** Opening The data block **
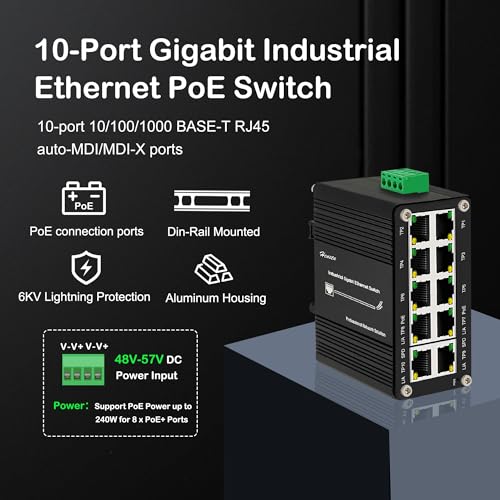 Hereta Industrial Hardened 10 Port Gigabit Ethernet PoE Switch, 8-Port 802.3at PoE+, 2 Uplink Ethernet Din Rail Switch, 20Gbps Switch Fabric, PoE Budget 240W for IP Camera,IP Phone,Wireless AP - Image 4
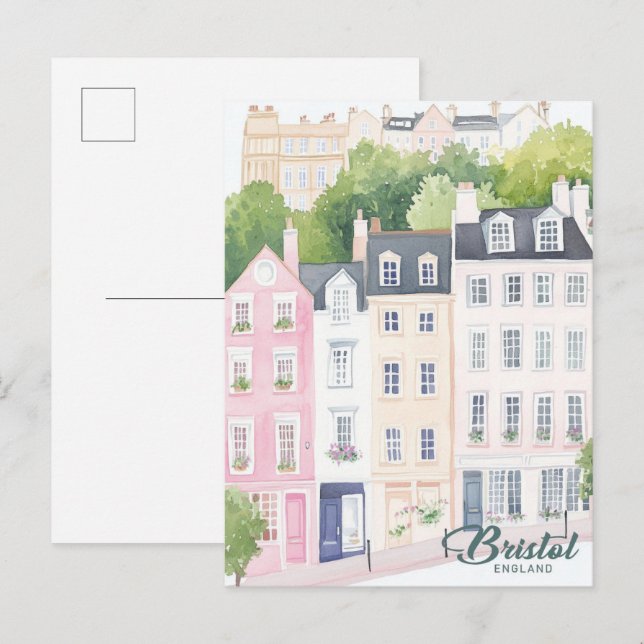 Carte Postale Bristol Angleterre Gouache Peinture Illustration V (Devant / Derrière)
** Closing The data block **
** Opening The data block **
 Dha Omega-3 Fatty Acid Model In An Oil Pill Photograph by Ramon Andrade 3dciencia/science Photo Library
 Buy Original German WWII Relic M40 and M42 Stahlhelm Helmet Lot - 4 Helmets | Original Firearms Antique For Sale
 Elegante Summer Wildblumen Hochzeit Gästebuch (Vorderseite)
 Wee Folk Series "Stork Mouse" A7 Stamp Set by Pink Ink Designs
** Closing The data block **
Start with the line above that contains "Buy Original German" and stop after the line that contains "Wee Folk Series". Output those lines exactly, and only those.

#### Answer box:
 Buy Original German WWII Relic M40 and M42 Stahlhelm Helmet Lot - 4 Helmets | Original Firearms Antique For Sale
 Elegante Summer Wildblumen Hochzeit Gästebuch (Vorderseite)
 Wee Folk Series "Stork Mouse" A7 Stamp Set by Pink Ink Designs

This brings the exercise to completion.